=== Begin Enclosure ===
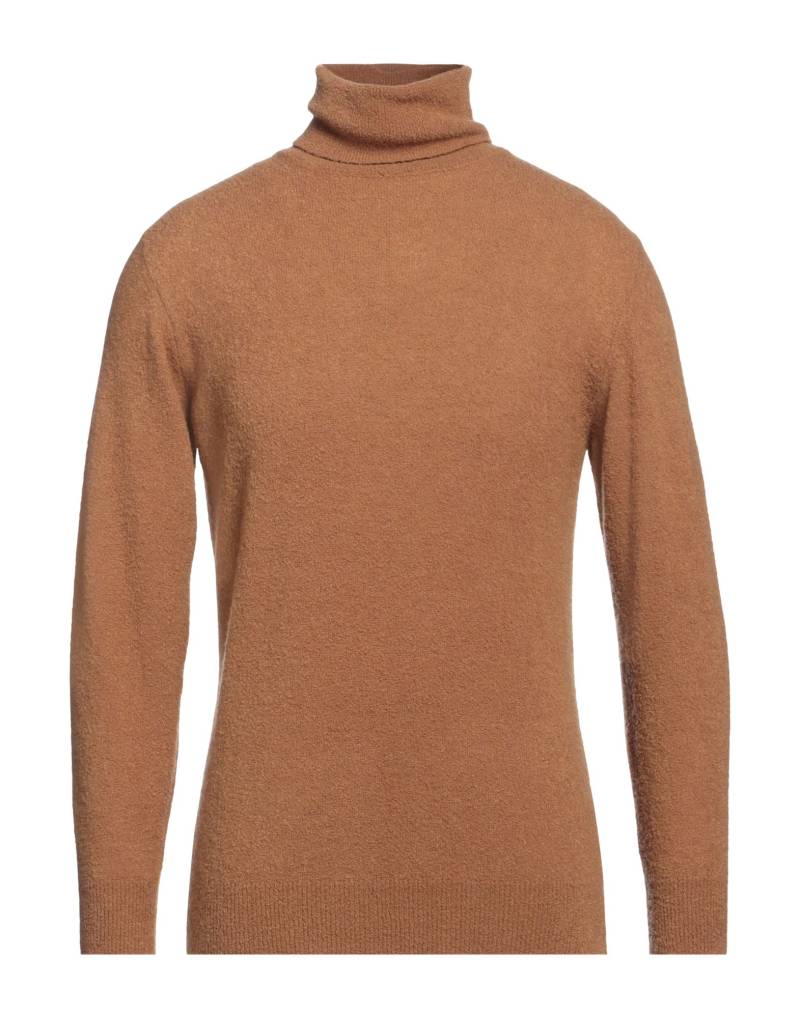 ROSSOPURO Rollkragenpullover Herren Braun von ROSSOPURO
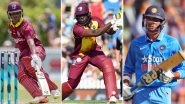 IPL 2019 Player Auction: Shimron Hetmyer Sold to RCB for 4.2 Crore,    Carlos Brathwaite Goes to KKR for 5 Crore; Delhi Capitals Get Axar Patel for 5 Crore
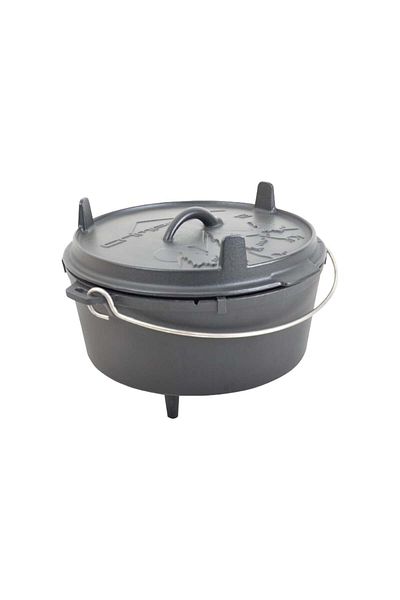 NURGAZ 12 INCH CAST POT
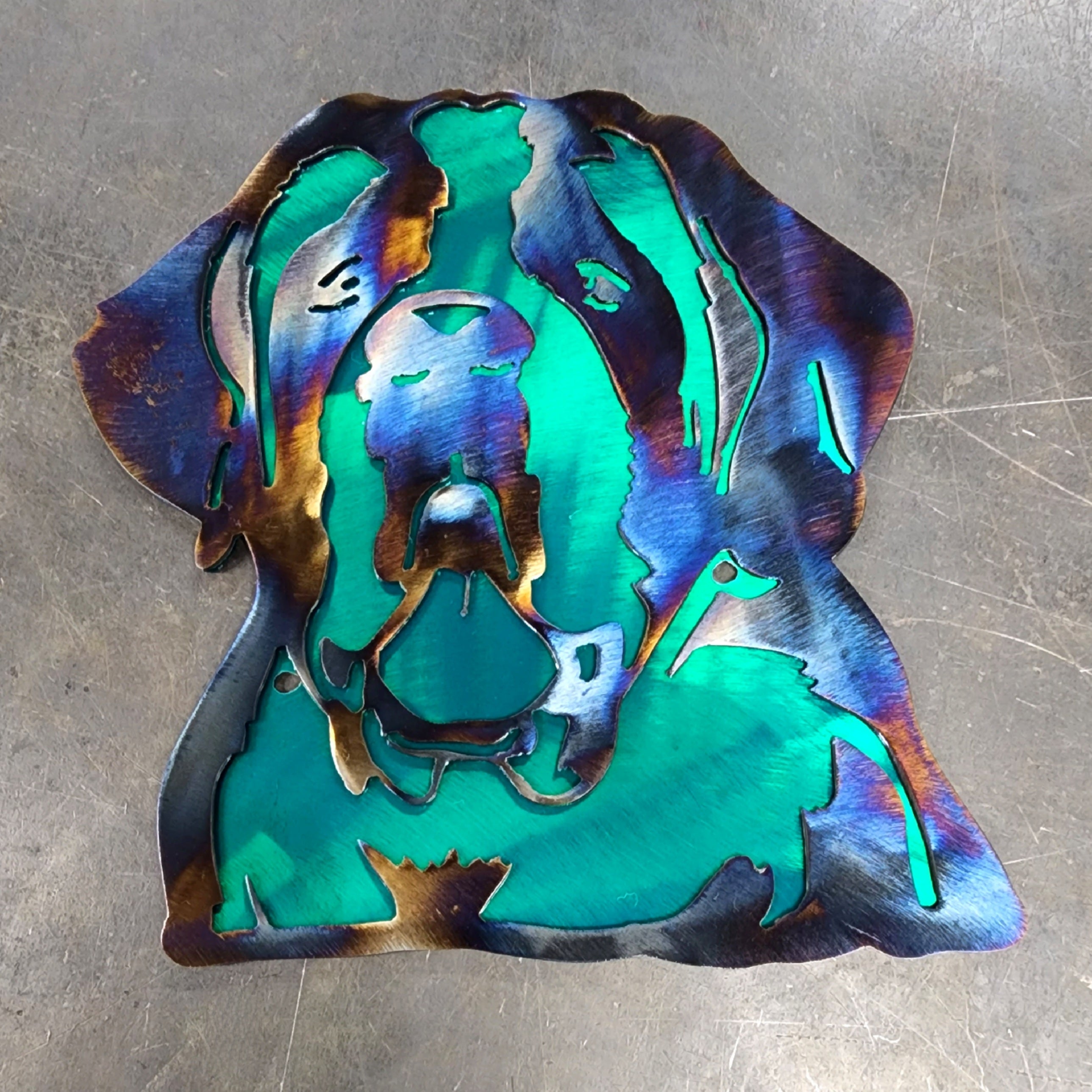 Heat Colored & Green Candy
=== End Enclosure ===
TASK INSTRUCTIONS — Excluding images, output exactly the lines from the one that holds "IPL 2019 Player" through the final line of the material, both ends included.

REPLY TO THE EXERCISE —
 IPL 2019 Player Auction: Shimron Hetmyer Sold to RCB for 4.2 Crore,    Carlos Brathwaite Goes to KKR for 5 Crore; Delhi Capitals Get Axar Patel for 5 Crore
 NURGAZ 12 INCH CAST POT
 Heat Colored & Green Candy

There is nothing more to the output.